Following the evaluation of the finding in each sequence, evaluated as "positive" or "negative" considering the presence or absence of several suspect characteristics in each sequence, an algorithm was developed with assessment categories (from 1 to 4) that reflect the increasing probability of PCa recurrence. Imaging results were validated with standard of reference consisting of at least one of the following: 1) concordant findings on following imaging with the same technique or with other correlative imaging techniques 2) PSA follow-up before and after treatment directed to the suspicious area at imaging (undetectable PSA after therapy is interpreted as evidence of disease in the treated lesions and absence of disease in another site). Patients who had been assigned the score of 3 and 4 (respectively n=18, 27.7%; n=20, 30.8%) underwent salvage RT, with undetectable PSA after treatment in all cases. Patients with score 2 (n=13, 20%) underwent PET with PSMA, with detection of metastatic lymph nodes in 3 patients, a distant metastasis in 5 patients and local recurrence in 3 cases. The fourteen patients (21.5%) who were assigned score 1 are still under observation (follow up from 5 to 8 months) with PSA control every 2 months, with currently PSA stability.
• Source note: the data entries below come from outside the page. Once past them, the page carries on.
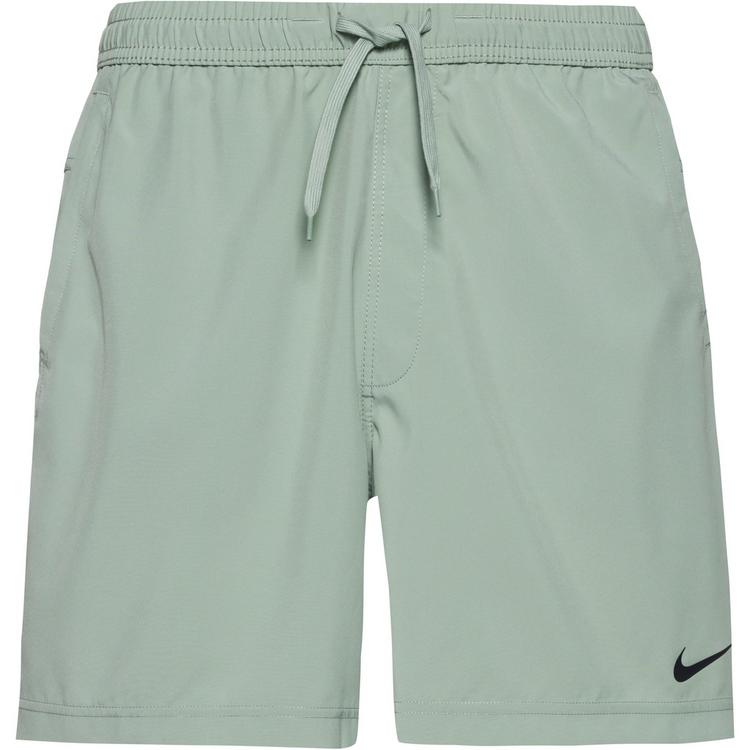 Nike Nike Dri-Fit Funktionsshorts Herren - jade horizon-black - 0 | SportScheck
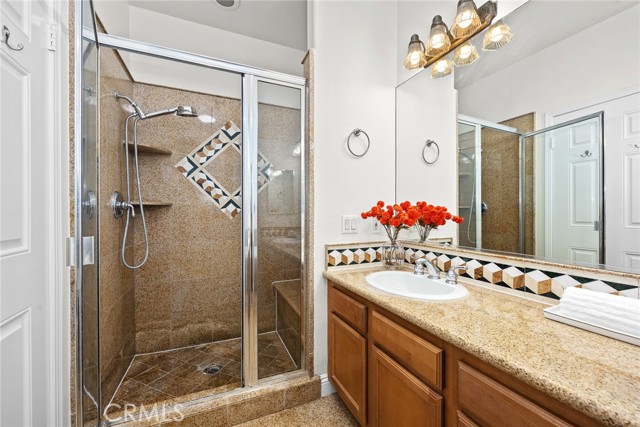 Detail Gallery Image 24 of 38 For 470 W Duarte #B,  Arcadia,  CA 91007 - 3 Beds | 2/1 Baths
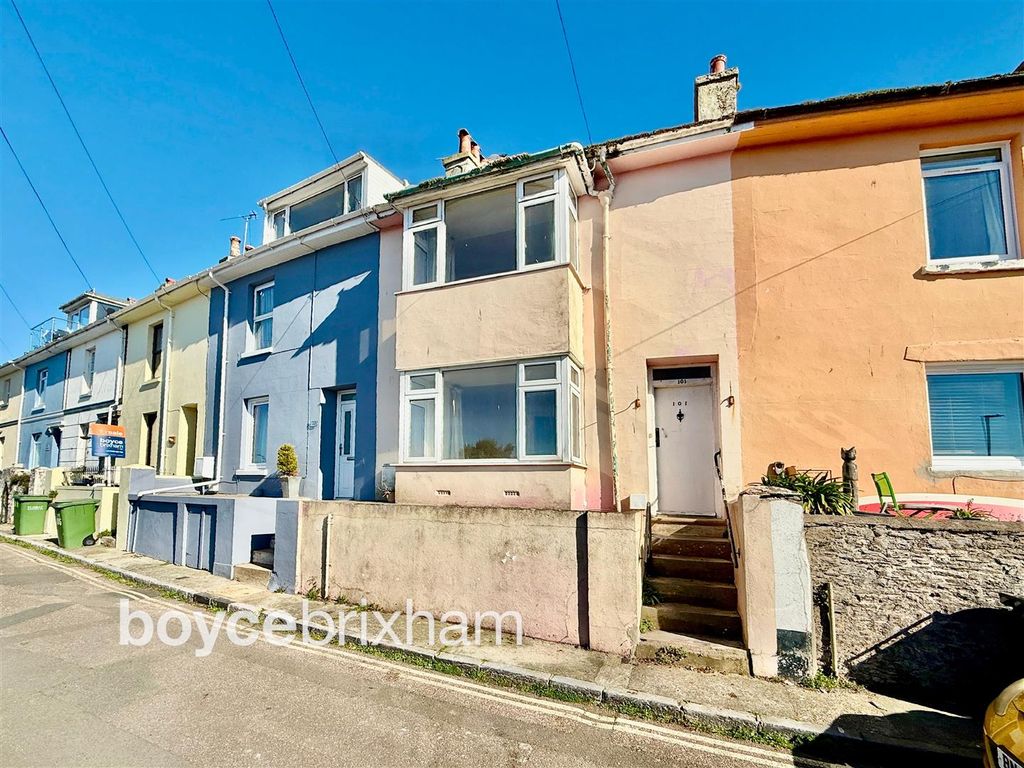Property photo 1 of 15 Newwatermarkforonlinefront.Jpg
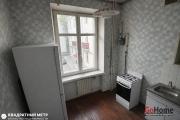 Купить 2-комнатную квартиру, Минск, Стрелковая ул., 7(Ленинский район) Минск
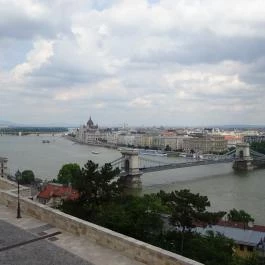 Budapesti Történeti Múzeum Budapest - Egyéb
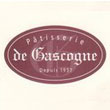Logo or picture for P�tisserie de Gascogne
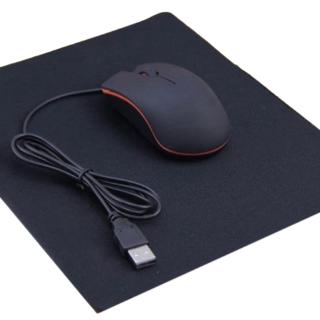 M20 mouse laptop office home wired mouse desktop computer mouse wired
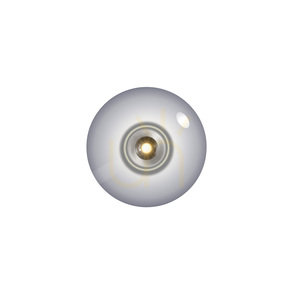 Stropné svietidlo PURE VITRUM 6083-15, sivé, 2xLED 21 Stropné svietidlo PURE VITRUM 6083-15, sivé, 2xLED small 21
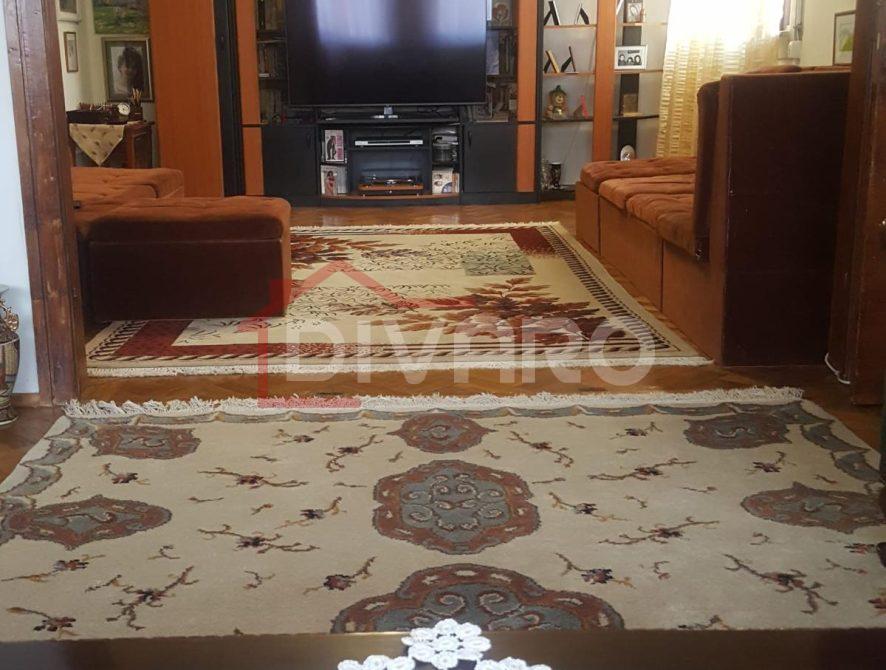 WhatsApp Image 2026-06-11 at 23.07.03 (1)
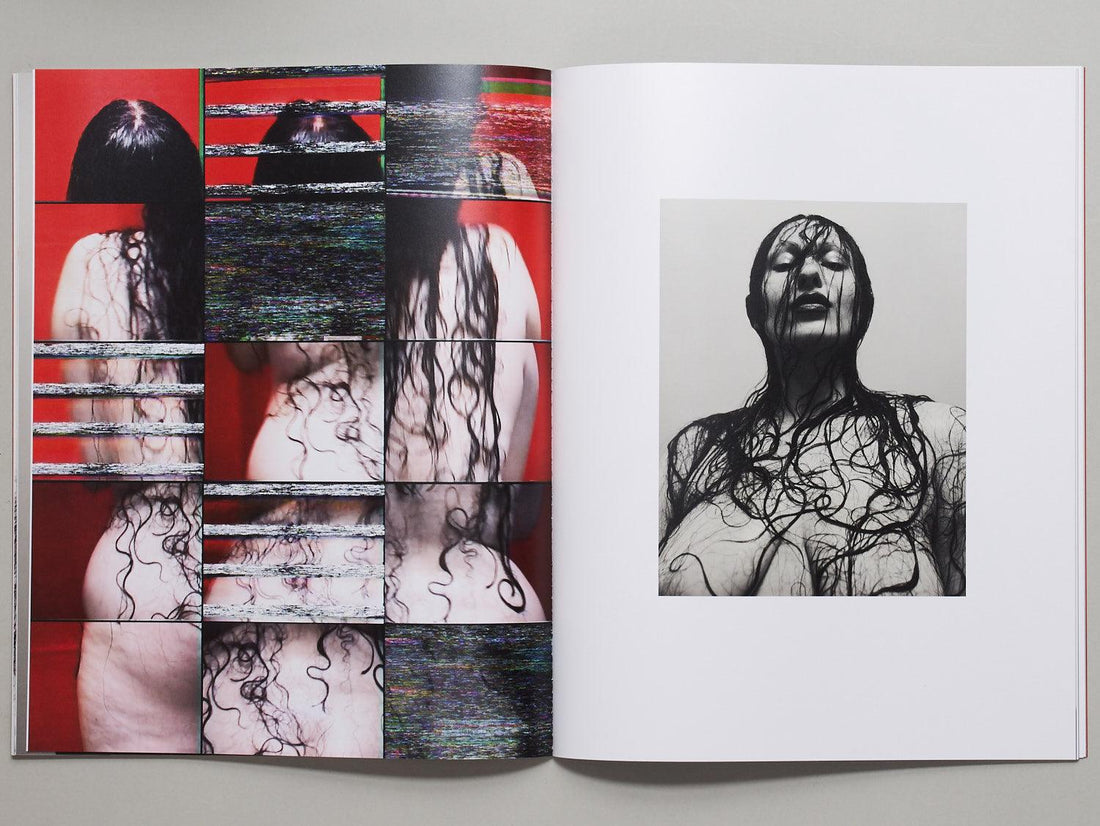 Mortal Remains - Antenne Books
The sensitivity of the final score assigned to each finding on the basis of the mpMRI characteristics was 100%, while the specificity was 91.7%. The PPV was 95% and the NPV 100%. The diagnostic accuracy was 97%. Patients risk stratification based on GS and PSA-DT could not be performed
because patients underwent mpMRI shortly after (within 12 months) the onset of BCR, therefore it was not possible to assess whether PSA-DT was higher or lower than one year. All the findings we reported were in line with the literature confirming that the DCE is the dominant sequence for PCa local recurrence detection in patients treated with radical prostatectomy.
Limitations of our study include the absence of histological report, of external validation and small study population.